Segment Start: RECORDS FOR PROCESSING
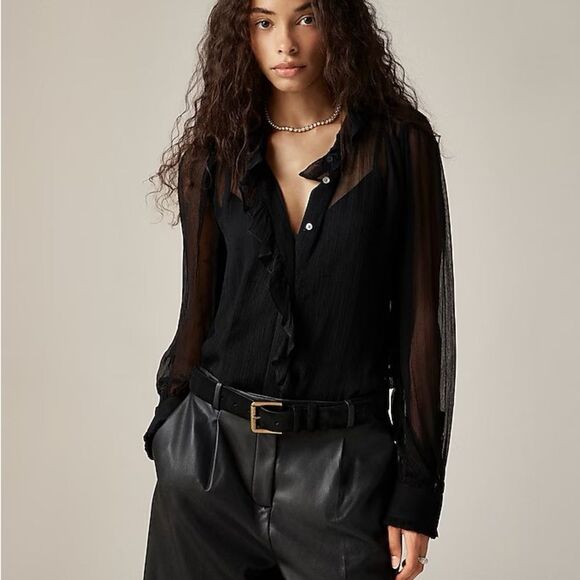 NWT J CREW Ruffle button-up shirt in crinkle chiffon in black - Picture 1 of 7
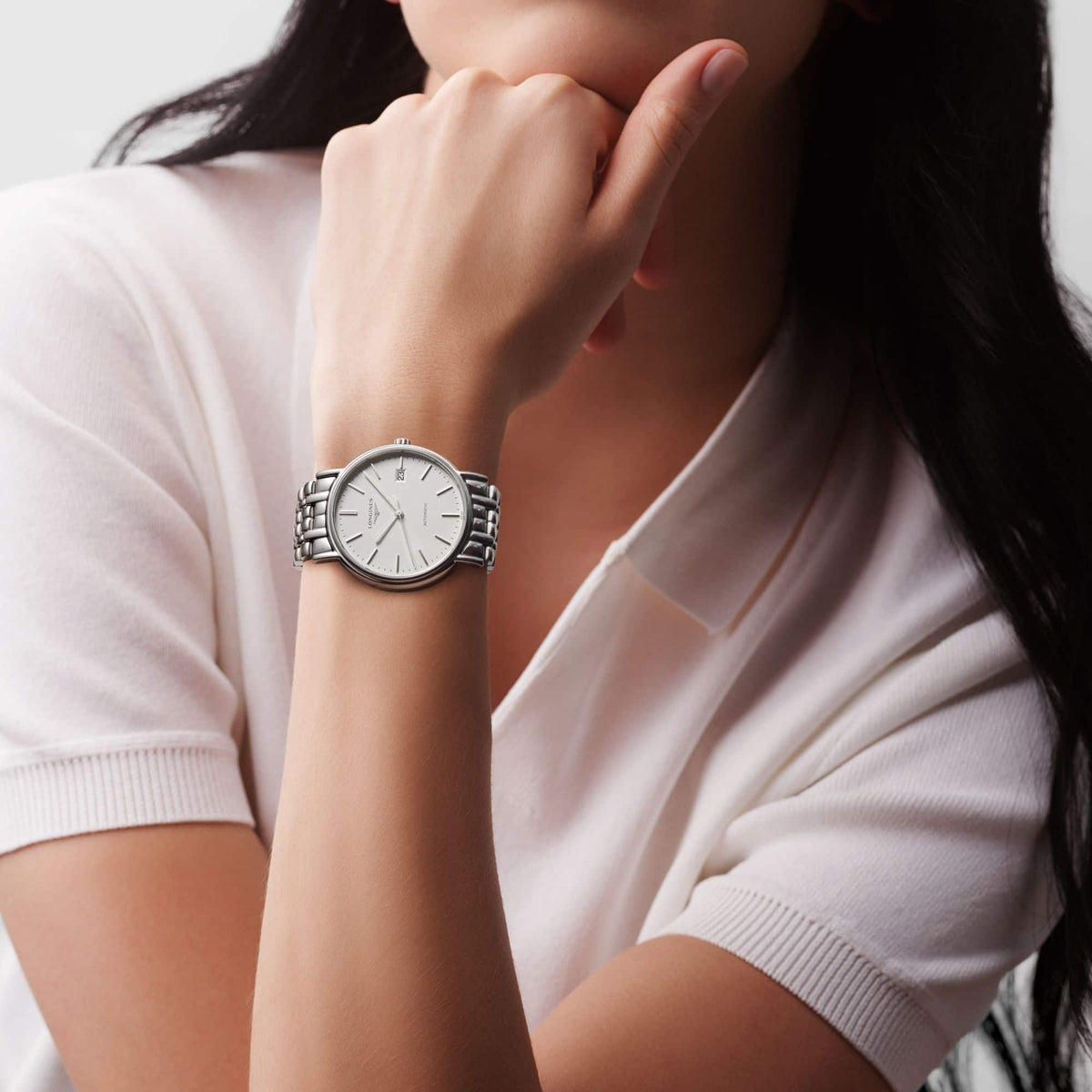 Longines Presence Automatic White Dial Silver Steel Strap Watch for Men - L4.921.4.12.6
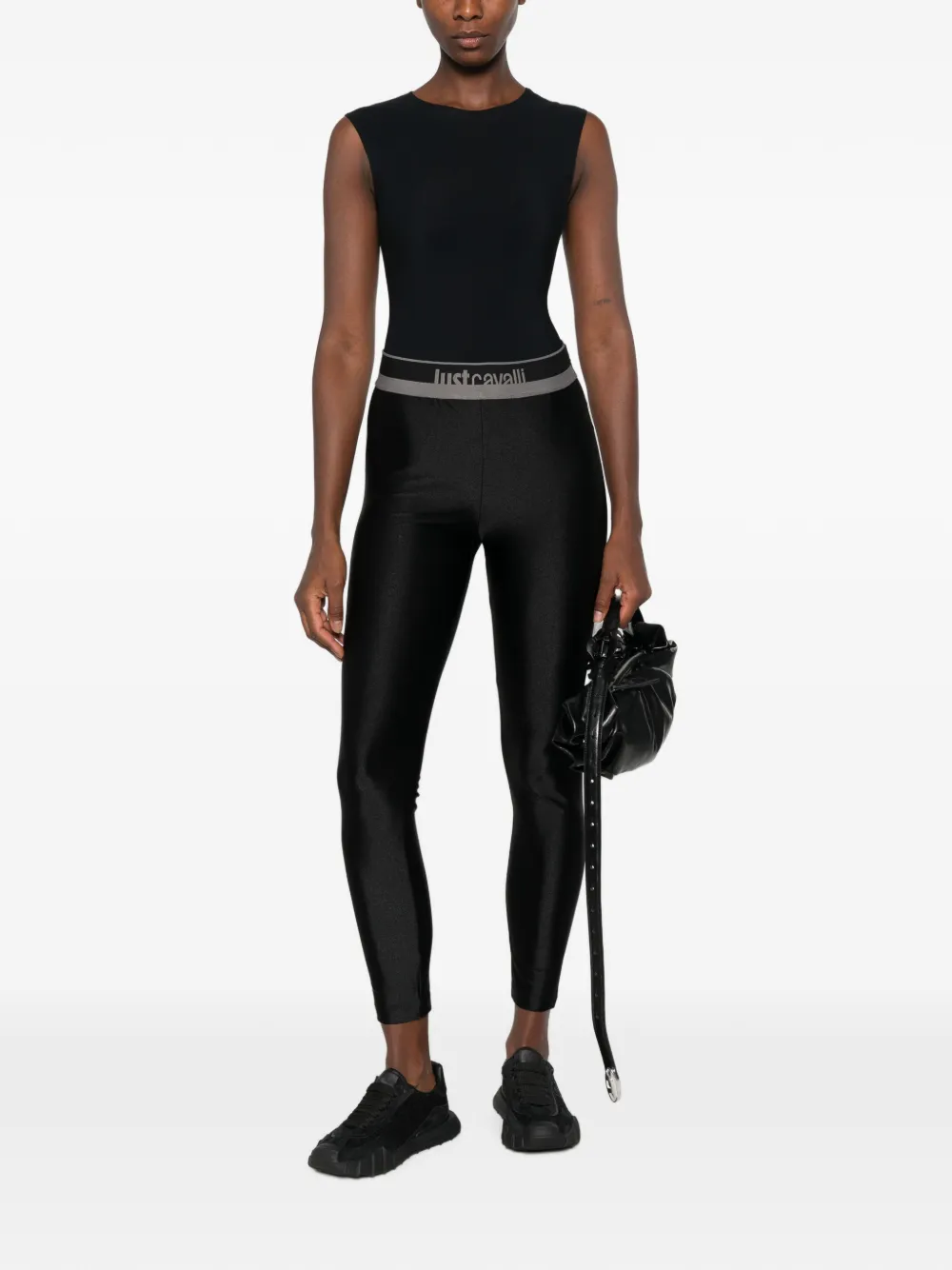 Just Cavalli Legging met logoband Zwart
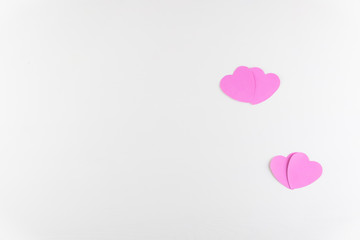 Hand-made pink love hearts isolated on white wooden texture background, Happy valentine's day....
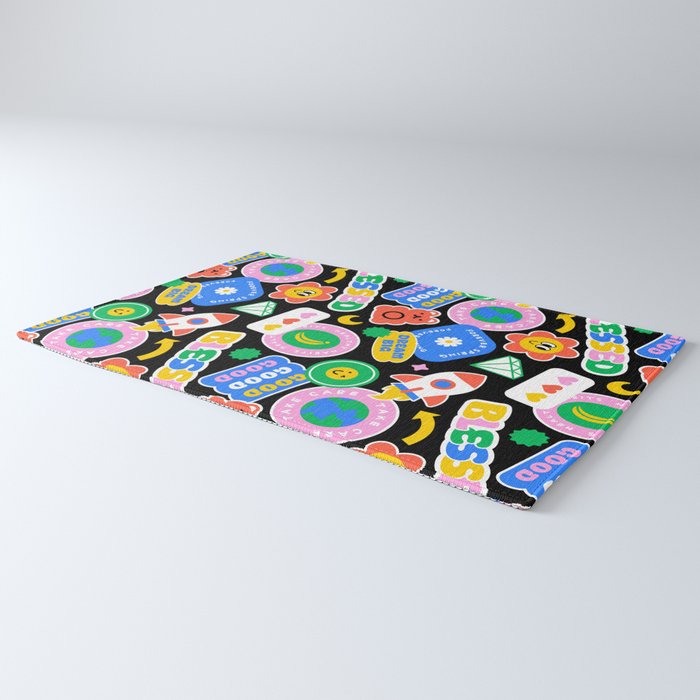 Retro cartoon sticker label pattern Rug Gallery Image 3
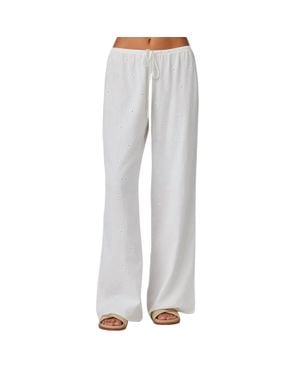 Bella Dahl Embroidery Wide Leg Pant - Gray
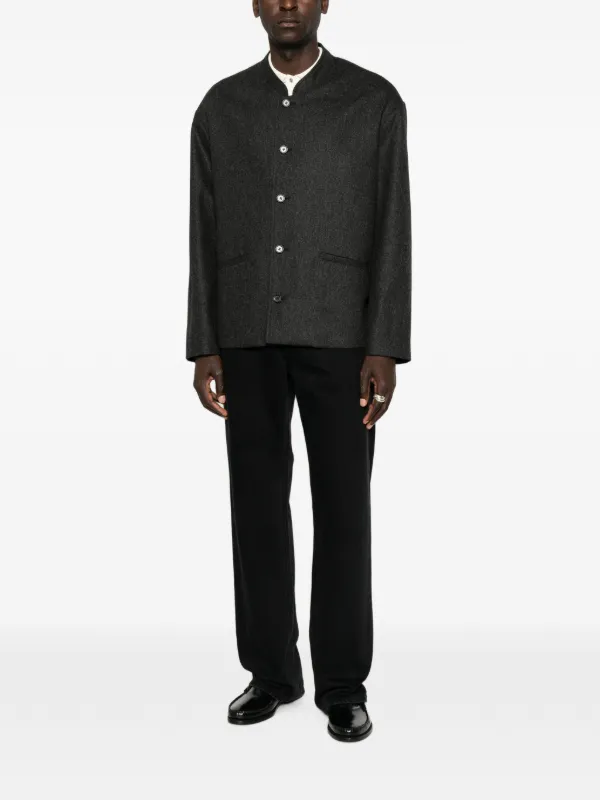 Jil Sander band-collar single-breasted Jacket | Grey | FARFETCH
Segment End: RECORDS FOR PROCESSING
_WORK ITEM:_
All of the records need repeating exactly, except for the pictures.

_WRITTEN SOLUTION:_
 NWT J CREW Ruffle button-up shirt in crinkle chiffon in black - Picture 1 of 7
 Longines Presence Automatic White Dial Silver Steel Strap Watch for Men - L4.921.4.12.6
 Just Cavalli Legging met logoband Zwart
 Hand-made pink love hearts isolated on white wooden texture background, Happy valentine's day....
 Retro cartoon sticker label pattern Rug Gallery Image 3
 Bella Dahl Embroidery Wide Leg Pant - Gray
 Jil Sander band-collar single-breasted Jacket | Grey | FARFETCH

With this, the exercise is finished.